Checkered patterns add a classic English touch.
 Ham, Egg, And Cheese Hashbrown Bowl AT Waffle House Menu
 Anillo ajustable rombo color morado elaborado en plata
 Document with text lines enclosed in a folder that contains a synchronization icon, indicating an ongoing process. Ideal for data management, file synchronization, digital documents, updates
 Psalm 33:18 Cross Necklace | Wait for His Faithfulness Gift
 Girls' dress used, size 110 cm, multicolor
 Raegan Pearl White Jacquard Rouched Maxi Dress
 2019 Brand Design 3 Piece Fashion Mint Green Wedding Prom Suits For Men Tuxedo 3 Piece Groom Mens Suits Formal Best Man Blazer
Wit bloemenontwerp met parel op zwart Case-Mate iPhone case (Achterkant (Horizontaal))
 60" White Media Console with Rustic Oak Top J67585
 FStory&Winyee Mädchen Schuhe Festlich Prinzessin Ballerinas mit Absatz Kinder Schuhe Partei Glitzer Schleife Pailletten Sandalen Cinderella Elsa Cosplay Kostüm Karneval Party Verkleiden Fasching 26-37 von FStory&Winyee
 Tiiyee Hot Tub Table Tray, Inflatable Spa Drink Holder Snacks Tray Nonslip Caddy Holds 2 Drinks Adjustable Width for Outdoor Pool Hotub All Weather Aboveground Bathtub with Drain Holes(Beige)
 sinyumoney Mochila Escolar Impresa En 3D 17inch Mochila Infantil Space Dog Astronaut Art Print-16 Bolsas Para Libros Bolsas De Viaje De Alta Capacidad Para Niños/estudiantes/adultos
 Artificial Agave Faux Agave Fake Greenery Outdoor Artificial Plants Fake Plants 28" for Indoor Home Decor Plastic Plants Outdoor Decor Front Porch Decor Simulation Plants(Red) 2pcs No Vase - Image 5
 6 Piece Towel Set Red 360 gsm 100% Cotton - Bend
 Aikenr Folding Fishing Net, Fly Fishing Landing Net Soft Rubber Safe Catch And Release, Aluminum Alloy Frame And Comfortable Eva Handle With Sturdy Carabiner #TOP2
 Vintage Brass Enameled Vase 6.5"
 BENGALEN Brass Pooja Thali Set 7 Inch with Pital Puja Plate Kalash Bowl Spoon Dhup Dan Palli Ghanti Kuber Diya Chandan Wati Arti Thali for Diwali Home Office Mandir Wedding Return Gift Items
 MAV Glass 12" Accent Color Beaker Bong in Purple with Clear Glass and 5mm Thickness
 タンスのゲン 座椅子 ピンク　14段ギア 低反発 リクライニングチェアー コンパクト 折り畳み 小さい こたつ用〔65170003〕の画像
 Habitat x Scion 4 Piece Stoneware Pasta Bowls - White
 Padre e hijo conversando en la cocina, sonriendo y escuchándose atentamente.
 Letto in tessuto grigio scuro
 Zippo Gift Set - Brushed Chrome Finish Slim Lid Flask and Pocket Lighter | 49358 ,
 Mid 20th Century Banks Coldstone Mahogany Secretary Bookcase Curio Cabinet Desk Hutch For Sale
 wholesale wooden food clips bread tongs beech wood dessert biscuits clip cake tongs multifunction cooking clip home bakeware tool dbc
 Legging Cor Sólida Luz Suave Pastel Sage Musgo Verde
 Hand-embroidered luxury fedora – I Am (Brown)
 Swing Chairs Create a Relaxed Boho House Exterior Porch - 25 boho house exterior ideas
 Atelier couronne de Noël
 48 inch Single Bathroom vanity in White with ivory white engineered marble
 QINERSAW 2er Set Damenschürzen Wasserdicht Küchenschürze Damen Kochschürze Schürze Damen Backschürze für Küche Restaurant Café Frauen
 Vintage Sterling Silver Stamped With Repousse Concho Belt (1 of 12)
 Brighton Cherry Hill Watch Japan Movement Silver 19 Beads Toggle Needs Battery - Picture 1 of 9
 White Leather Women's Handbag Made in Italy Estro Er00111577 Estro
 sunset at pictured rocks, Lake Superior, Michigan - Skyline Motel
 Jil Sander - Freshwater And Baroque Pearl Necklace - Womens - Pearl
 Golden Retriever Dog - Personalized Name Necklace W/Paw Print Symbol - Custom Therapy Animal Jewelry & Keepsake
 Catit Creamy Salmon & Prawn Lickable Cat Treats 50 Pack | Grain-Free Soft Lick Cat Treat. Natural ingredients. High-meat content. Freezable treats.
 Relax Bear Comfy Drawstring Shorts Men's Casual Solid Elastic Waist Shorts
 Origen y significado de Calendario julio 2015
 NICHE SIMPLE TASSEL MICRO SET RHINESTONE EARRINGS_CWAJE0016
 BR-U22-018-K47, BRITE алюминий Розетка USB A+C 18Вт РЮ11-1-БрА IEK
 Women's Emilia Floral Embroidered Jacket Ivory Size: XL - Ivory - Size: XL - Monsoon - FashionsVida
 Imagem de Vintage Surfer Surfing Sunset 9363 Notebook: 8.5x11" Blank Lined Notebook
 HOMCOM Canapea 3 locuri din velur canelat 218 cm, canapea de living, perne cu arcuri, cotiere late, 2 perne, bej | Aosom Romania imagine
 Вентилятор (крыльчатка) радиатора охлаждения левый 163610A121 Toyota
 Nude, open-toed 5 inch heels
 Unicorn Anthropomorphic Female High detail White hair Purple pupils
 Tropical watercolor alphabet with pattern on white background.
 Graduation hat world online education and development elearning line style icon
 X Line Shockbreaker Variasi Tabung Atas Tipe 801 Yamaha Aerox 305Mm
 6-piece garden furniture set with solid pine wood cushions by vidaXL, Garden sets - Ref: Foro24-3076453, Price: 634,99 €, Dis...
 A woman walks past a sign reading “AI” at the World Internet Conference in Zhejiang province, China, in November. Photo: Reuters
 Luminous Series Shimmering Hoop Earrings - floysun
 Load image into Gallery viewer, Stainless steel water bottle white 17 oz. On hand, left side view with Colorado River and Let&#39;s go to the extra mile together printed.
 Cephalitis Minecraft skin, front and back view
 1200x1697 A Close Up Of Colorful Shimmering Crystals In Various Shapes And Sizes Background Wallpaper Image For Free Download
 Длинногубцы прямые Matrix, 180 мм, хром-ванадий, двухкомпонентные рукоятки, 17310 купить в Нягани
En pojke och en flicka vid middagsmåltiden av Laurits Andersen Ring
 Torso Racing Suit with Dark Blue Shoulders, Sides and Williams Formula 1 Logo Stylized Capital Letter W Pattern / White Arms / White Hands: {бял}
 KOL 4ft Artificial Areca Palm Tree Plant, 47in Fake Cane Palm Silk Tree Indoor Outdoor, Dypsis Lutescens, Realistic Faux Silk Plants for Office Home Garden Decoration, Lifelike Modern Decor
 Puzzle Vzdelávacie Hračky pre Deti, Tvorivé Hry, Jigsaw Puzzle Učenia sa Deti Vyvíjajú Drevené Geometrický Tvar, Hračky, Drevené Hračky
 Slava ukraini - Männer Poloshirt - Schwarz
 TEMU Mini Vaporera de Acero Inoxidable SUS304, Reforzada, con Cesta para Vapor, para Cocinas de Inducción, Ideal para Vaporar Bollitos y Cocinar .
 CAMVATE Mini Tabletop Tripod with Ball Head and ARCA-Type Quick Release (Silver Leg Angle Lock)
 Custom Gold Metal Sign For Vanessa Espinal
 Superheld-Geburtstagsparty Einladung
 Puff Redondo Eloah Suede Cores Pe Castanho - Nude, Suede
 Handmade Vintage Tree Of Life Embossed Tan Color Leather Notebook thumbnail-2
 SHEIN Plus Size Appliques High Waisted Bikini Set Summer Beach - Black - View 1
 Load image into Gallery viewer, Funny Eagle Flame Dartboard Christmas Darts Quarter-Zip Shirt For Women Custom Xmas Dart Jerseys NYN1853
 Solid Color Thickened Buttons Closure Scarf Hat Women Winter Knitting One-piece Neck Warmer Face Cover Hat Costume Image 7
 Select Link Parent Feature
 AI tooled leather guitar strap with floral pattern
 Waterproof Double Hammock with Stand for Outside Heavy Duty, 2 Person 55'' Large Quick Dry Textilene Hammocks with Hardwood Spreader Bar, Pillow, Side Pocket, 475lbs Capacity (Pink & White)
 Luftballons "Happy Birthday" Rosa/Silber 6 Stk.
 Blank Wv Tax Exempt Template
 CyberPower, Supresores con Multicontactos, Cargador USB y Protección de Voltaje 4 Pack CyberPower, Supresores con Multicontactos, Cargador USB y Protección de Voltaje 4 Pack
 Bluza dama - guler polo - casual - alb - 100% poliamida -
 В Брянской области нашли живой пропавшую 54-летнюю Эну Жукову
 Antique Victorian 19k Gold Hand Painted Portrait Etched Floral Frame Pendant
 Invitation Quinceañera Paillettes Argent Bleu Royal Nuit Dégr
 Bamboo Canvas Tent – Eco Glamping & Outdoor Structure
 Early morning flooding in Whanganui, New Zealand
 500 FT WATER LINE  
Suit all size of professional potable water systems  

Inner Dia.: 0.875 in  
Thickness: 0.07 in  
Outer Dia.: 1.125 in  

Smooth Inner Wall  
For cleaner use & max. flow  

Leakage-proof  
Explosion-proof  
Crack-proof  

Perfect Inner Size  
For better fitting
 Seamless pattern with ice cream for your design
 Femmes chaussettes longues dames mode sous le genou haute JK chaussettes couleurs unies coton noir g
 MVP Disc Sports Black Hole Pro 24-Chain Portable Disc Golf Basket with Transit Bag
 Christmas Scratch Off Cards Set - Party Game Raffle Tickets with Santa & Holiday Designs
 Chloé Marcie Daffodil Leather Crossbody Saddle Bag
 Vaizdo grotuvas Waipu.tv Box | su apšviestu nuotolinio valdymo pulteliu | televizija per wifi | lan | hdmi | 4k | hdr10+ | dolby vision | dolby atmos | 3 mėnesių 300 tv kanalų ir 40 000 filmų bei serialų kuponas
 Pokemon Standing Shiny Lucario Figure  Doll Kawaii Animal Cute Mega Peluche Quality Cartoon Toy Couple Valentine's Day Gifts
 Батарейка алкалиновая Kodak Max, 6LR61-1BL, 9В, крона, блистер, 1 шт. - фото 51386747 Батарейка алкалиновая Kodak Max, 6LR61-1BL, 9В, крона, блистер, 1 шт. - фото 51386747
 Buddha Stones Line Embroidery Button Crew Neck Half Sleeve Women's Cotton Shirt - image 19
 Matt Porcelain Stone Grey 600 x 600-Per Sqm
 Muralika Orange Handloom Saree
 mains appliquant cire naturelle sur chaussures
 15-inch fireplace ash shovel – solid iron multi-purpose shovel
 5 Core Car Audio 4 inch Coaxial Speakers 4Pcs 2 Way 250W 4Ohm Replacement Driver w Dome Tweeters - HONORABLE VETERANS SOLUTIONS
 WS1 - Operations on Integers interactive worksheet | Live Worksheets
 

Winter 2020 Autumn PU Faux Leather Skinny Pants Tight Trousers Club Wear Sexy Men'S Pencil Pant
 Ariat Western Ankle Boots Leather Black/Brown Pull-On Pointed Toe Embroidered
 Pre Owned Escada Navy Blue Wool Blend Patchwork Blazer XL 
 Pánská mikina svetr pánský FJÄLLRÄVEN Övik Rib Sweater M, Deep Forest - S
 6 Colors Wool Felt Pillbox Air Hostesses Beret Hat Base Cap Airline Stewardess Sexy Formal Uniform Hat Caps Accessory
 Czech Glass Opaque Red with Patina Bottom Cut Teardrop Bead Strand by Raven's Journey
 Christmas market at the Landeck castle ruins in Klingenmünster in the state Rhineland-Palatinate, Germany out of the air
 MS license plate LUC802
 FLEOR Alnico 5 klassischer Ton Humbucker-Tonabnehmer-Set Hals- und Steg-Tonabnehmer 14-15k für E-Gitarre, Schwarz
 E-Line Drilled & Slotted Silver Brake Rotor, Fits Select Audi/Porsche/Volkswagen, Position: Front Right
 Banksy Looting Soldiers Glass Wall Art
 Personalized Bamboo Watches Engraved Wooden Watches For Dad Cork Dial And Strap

ACTIVITY: Give the lines exactly as they stand, from the line with "mains appliquant cire" through the end of the material.

ANSWER BOX:
 mains appliquant cire naturelle sur chaussures
 15-inch fireplace ash shovel – solid iron multi-purpose shovel
 5 Core Car Audio 4 inch Coaxial Speakers 4Pcs 2 Way 250W 4Ohm Replacement Driver w Dome Tweeters - HONORABLE VETERANS SOLUTIONS
 WS1 - Operations on Integers interactive worksheet | Live Worksheets
 

Winter 2020 Autumn PU Faux Leather Skinny Pants Tight Trousers Club Wear Sexy Men'S Pencil Pant
 Ariat Western Ankle Boots Leather Black/Brown Pull-On Pointed Toe Embroidered
 Pre Owned Escada Navy Blue Wool Blend Patchwork Blazer XL 
 Pánská mikina svetr pánský FJÄLLRÄVEN Övik Rib Sweater M, Deep Forest - S
 6 Colors Wool Felt Pillbox Air Hostesses Beret Hat Base Cap Airline Stewardess Sexy Formal Uniform Hat Caps Accessory
 Czech Glass Opaque Red with Patina Bottom Cut Teardrop Bead Strand by Raven's Journey
 Christmas market at the Landeck castle ruins in Klingenmünster in the state Rhineland-Palatinate, Germany out of the air
 MS license plate LUC802
 FLEOR Alnico 5 klassischer Ton Humbucker-Tonabnehmer-Set Hals- und Steg-Tonabnehmer 14-15k für E-Gitarre, Schwarz
 E-Line Drilled & Slotted Silver Brake Rotor, Fits Select Audi/Porsche/Volkswagen, Position: Front Right
 Banksy Looting Soldiers Glass Wall Art
 Personalized Bamboo Watches Engraved Wooden Watches For Dad Cork Dial And Strap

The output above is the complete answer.